--- About this exercise ---
Below are records. Transcribe exactly the lines from the one that contains "Piscina Prism Circular" through the last line, leaving any pictures out.

Image-text web data:
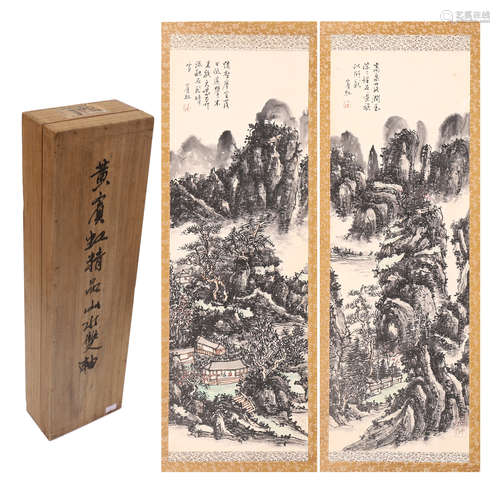 TWO PANELS OF CHINESE SCROLL PAINTING OF MOUNTAIN VIEWS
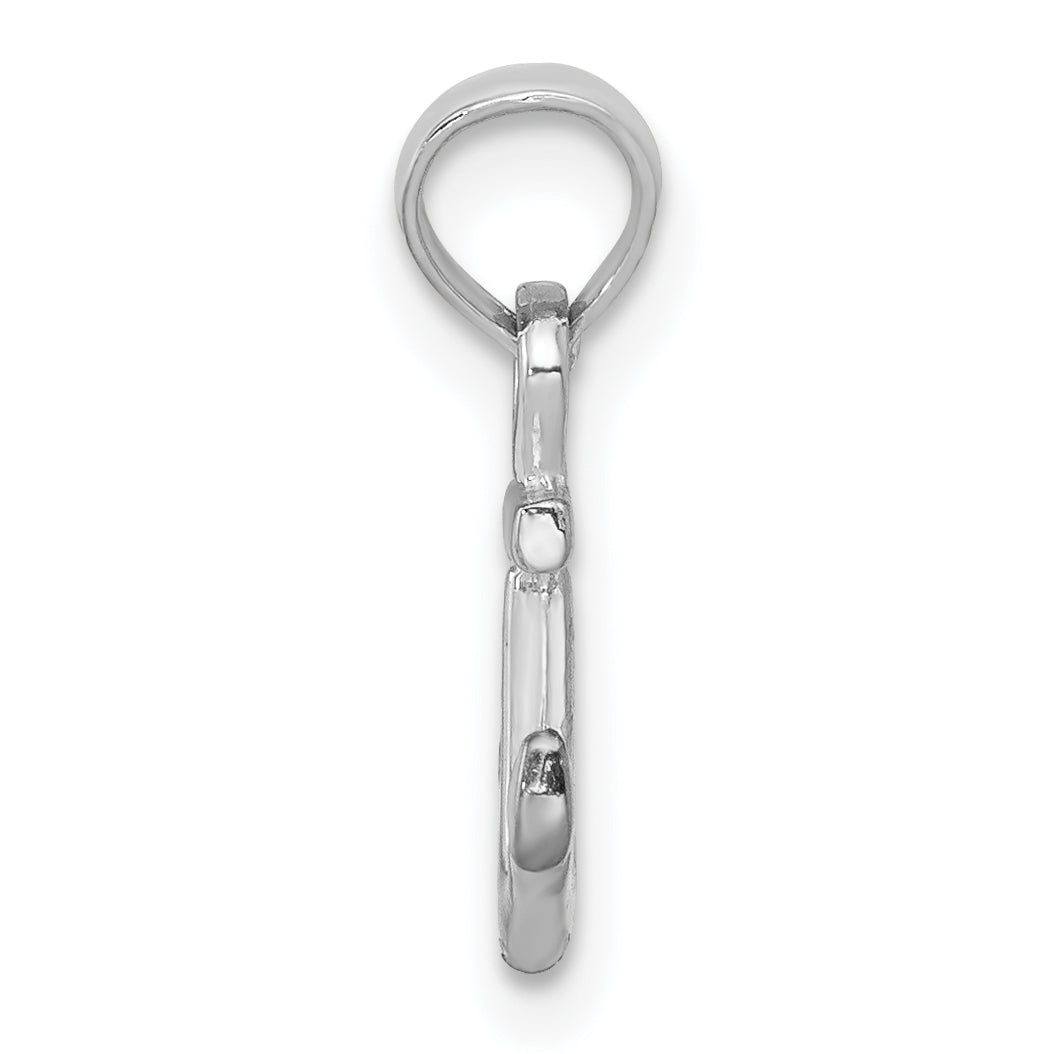 14k White Gold Mini Anchor Pendant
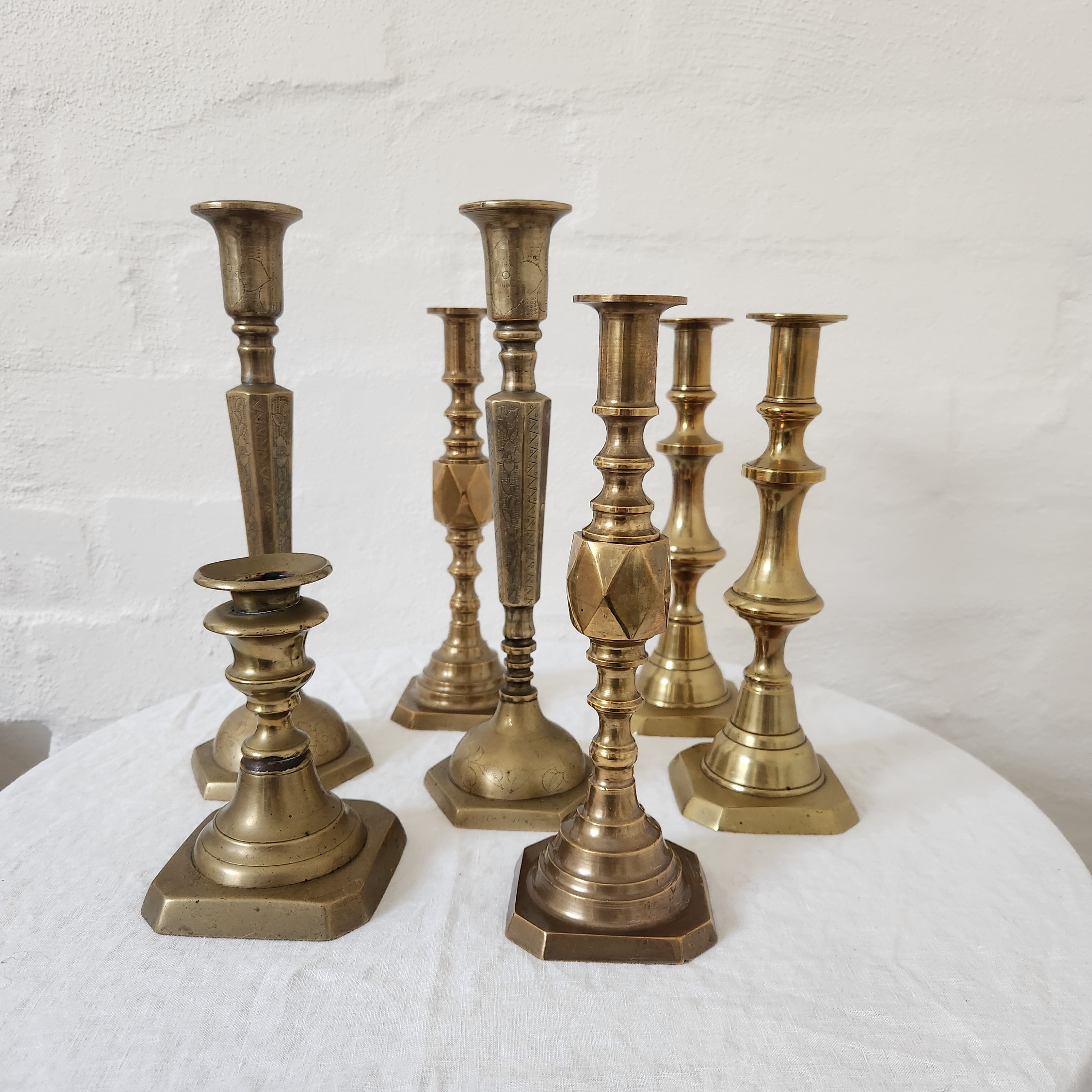 Antique Brass Candlestick pair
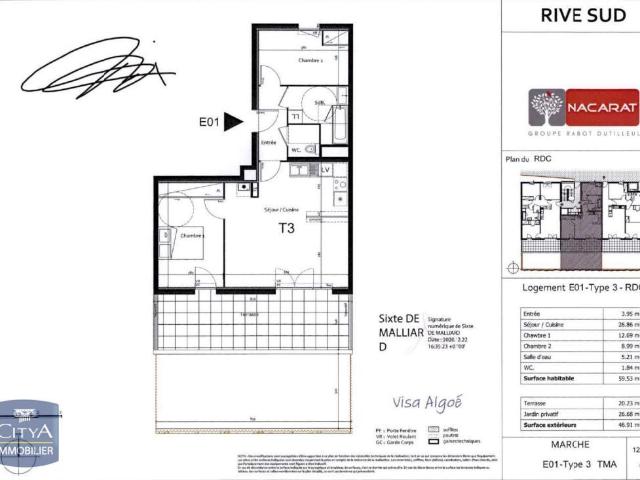 Appartement 3 pièces 60 m²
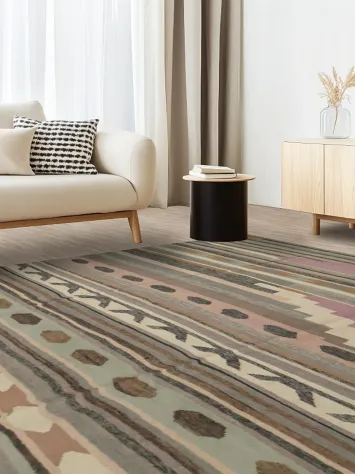 Artistic Pastel Kilim Area Rug 8x10 with Tribal Influence Patterns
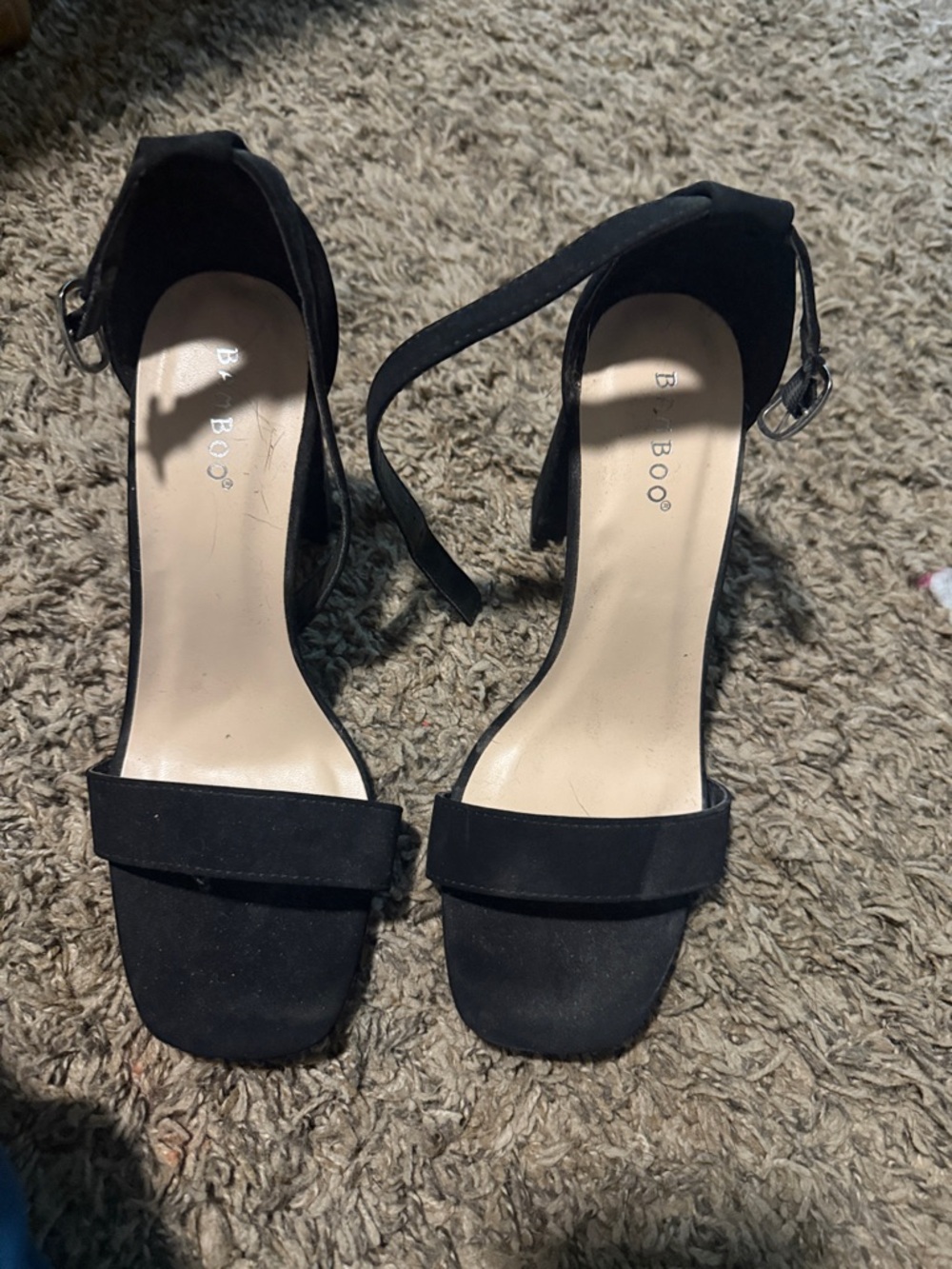 BAMBOO Black Open-Toe Ankle-Strap Block Heels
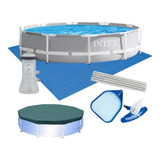 Piscina Prism Circular Estrutural 6503 Litros Completa Intex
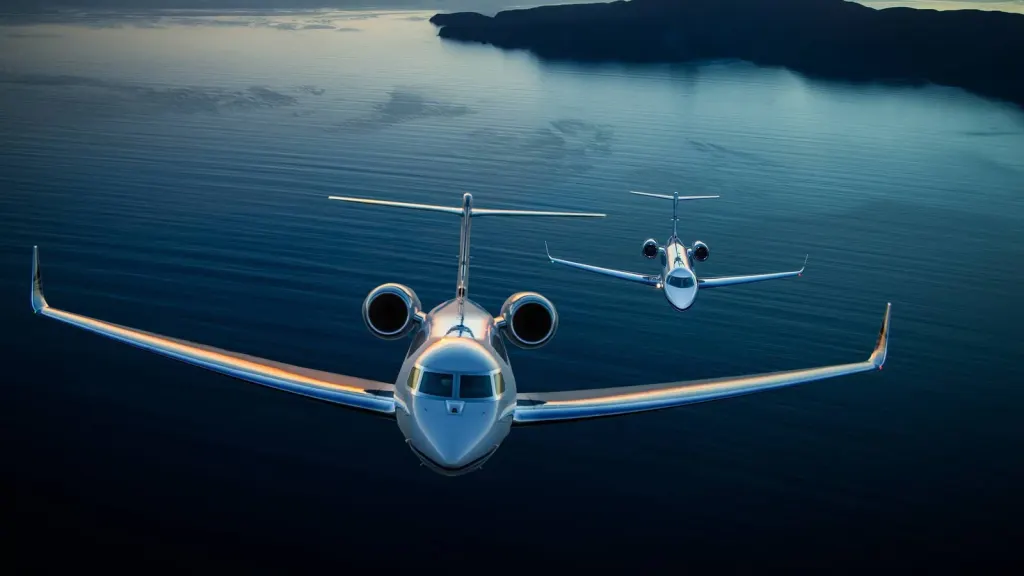 Private jets over the sea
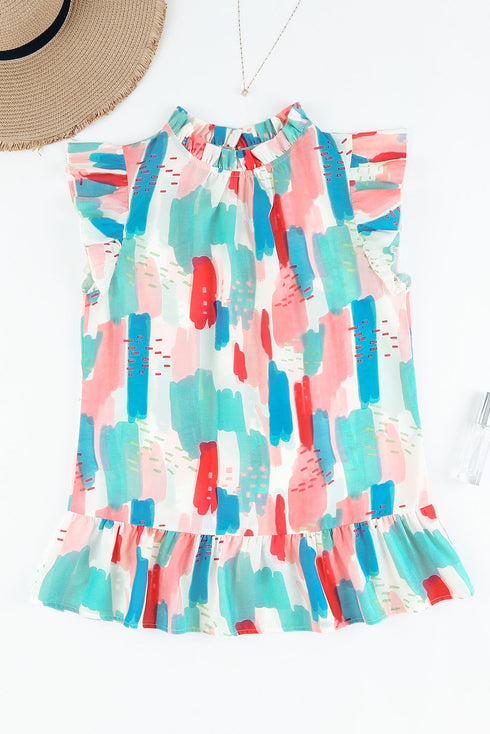 Abstract Print Ruffled Mock Neck Flutter Sleeve Blouse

--- Completed task ---
 Piscina Prism Circular Estrutural 6503 Litros Completa Intex
 Private jets over the sea
 Abstract Print Ruffled Mock Neck Flutter Sleeve Blouse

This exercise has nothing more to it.